▶ **ABOUT THIS EXERCISE**: In the records below, some lines hold the word "Parking". Copy each of those lines.

------------------------------------------------

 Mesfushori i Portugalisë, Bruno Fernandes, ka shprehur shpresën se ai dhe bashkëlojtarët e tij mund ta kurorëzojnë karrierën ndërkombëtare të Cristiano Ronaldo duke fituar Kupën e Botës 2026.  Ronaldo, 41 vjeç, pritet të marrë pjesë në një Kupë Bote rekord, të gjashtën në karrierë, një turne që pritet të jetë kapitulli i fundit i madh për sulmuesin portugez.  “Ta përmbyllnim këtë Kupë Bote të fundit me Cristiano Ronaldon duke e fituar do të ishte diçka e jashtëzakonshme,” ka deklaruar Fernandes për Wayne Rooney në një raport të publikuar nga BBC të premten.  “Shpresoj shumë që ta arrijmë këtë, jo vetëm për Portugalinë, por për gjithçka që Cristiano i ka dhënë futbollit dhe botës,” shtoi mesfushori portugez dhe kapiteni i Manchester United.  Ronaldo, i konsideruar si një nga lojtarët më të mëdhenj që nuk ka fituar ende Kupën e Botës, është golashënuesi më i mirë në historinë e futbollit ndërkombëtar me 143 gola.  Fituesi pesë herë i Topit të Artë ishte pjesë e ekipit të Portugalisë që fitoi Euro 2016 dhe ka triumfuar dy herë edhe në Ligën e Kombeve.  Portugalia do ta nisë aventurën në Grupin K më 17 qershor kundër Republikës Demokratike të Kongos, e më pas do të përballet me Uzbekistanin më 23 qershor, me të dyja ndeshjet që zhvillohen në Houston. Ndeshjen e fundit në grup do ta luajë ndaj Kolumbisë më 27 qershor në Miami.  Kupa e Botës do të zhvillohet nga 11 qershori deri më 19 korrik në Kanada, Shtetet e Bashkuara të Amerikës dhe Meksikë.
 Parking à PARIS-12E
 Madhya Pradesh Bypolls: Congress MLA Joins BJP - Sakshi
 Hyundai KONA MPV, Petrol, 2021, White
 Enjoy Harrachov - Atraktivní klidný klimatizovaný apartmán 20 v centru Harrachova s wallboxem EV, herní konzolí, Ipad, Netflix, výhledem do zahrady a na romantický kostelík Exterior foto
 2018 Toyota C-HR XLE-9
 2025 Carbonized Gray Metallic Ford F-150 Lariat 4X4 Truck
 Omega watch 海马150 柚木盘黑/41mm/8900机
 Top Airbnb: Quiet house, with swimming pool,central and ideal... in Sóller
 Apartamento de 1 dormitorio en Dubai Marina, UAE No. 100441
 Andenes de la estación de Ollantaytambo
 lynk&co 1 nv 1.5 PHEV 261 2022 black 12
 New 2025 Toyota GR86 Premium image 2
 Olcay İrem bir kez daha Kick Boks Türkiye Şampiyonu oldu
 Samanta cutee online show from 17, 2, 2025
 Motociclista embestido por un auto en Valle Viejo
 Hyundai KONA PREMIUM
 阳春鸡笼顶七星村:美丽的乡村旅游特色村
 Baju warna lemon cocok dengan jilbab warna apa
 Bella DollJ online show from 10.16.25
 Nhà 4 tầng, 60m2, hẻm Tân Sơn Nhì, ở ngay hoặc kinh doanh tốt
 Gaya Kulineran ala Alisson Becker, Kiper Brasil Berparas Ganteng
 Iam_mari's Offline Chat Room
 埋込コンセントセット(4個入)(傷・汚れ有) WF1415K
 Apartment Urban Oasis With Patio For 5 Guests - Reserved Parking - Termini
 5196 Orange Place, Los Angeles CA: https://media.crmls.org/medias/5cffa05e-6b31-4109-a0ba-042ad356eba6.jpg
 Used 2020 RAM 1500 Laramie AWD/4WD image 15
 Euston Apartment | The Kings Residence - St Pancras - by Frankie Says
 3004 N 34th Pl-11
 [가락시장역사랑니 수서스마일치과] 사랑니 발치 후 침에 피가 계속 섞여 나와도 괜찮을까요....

------------------------------------------------

▶ **SOLVED EXERCISE**:
 Parking à PARIS-12E
 Apartment Urban Oasis With Patio For 5 Guests - Reserved Parking - Termini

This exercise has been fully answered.